Anyone know where I can find the physical length of short, medium, and long couplers?


----------



## airshot (Jan 12, 2014)

Wish I had an answer for you but was wondering the same thing. I am wanting to convert my rapidos over to microtrain coupler and truck sets but not sure whether to order the medium or the short couplers. Most of my rolling stock are shorter cars due to the small layout size and my track radius is 11" and 9 3/4". Hoping someome reading this can chime in. Thanks


----------



## powersteamguy1790 (Mar 26, 2012)

airshot said:


> Wish I had an answer for you but was wondering the same thing. I am wanting to convert my rapidos over to microtrain coupler and truck sets but not sure whether to order the medium or the short couplers. Most of my rolling stock are shorter cars due to the small layout size and my track radius is 11" and 9 3/4". Hoping someome reading this can chime in. Thanks


MT short shanked couplers will work for you.
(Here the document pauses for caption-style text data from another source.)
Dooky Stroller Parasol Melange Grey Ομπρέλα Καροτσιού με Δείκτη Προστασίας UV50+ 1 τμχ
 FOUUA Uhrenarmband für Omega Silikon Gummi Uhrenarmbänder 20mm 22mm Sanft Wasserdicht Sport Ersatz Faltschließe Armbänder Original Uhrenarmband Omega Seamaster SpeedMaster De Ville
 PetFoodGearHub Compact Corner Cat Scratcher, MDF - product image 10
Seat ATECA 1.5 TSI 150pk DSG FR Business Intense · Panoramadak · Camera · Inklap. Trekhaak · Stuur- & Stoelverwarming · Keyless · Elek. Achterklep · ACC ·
You can also body mount MT Z scale #905 couplers on your rolling stock.


----------



## adaboy (Apr 24, 2014)

Thanks. I would still like to find out the dimensions of the different coupler lengths. For future reference.


----------



## airshot (Jan 12, 2014)

I did stumble across the dimensions for the M/T couplers on their website, I am not quite computer savy enough to add the site to this message, but if you go to the website they have a pic of all their couplers and the dimensions in metric and sae dimensions.


----------



## adaboy (Apr 24, 2014)

Thanks Airshot I'll give MT a try.


----------



## MRLdave (Nov 1, 2011)

Here's the coupler diagram list.......http://www.micro-trains.com/Coupler diagrams.pdf


----------



## adaboy (Apr 24, 2014)

Lots of dimensions but none show length of coupler


----------



## airshot (Jan 12, 2014)

Just backfigure the math, they show you the length to the mounting point, scale yours and do the math.


----------



## adaboy (Apr 24, 2014)

*Couplers*

Thanks Airshot that clears up my question.


----------